On a GAAP basis, EPs totaled $1.18, which excludes a restructuring charge of $24.1 million and a credit of $16.9 million related to a class action lawsuit.
Apollo reported degreed enrollment down 14.3%, year-over-year for the first quarter and a decline of 15.1% in new degree-student enrollment.
The company forecast full year revenue of $3.65 to $3.75 billion and annual operating income of $500 to $550 million. Based on first quarter results, both these totals indicates further contraction. The consensus estimate for full-year revenues is $3.77 billion and the EPS estimate is $2.72.
The company’s chairman/CEO said:
We are rolling out new career-oriented tools for students, as well as working with leading companies to help them meet their needs to develop an educated workforce. We are committed to become the educator of choice to connect education to careers and believe this approach will position us for long-term success.

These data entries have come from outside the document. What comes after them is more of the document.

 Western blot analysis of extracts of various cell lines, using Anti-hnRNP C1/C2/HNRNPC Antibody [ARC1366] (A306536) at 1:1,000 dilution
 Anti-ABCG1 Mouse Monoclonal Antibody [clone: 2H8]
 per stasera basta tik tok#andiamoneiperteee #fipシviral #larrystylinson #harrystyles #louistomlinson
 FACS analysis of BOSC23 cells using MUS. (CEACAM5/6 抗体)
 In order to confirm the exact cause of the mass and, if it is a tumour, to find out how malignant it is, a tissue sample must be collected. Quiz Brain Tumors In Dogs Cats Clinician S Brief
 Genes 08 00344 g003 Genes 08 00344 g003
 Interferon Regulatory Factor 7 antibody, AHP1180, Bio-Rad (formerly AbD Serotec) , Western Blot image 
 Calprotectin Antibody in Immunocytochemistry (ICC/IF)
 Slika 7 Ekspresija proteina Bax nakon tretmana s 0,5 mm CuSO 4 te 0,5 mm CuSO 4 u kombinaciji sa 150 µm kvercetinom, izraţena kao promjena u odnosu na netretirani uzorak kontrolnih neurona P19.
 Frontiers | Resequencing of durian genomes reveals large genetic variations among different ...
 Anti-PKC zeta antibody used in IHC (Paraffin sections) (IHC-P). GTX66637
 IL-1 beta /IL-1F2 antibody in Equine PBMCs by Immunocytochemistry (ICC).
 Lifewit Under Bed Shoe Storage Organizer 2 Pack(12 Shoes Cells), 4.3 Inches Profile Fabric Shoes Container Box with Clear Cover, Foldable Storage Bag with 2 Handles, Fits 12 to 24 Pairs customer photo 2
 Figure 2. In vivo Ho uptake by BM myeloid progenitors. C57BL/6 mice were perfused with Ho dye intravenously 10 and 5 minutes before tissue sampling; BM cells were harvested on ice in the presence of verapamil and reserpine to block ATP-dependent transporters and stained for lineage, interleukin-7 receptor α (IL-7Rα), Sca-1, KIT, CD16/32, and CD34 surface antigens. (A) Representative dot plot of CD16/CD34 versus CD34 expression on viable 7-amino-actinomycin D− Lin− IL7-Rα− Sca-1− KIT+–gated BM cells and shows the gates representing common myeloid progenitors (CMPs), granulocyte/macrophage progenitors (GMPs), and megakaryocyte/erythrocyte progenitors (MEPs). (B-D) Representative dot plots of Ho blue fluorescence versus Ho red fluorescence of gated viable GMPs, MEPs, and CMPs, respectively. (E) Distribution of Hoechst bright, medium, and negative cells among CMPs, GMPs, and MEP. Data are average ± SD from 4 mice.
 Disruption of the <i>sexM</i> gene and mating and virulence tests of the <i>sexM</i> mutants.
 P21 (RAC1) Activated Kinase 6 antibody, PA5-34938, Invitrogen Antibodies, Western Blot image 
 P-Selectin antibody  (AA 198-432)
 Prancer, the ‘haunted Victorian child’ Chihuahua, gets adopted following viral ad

Apollo’s operating income fell 11.7% year over year. The school’s revenues per student are rising, indicating that sharp tuition increases or equally sharp cost-cutting is leading to the better than expected earnings. This is one of those things that probably can’t go on indefinitely.
Apollo’s shares are down about 4.5% in after-hours trading today, at $19.99 in a 52-week range of $18.36 to $58.29. Thomson Reuters had a consensus analyst price target of $30.70 before today’s report.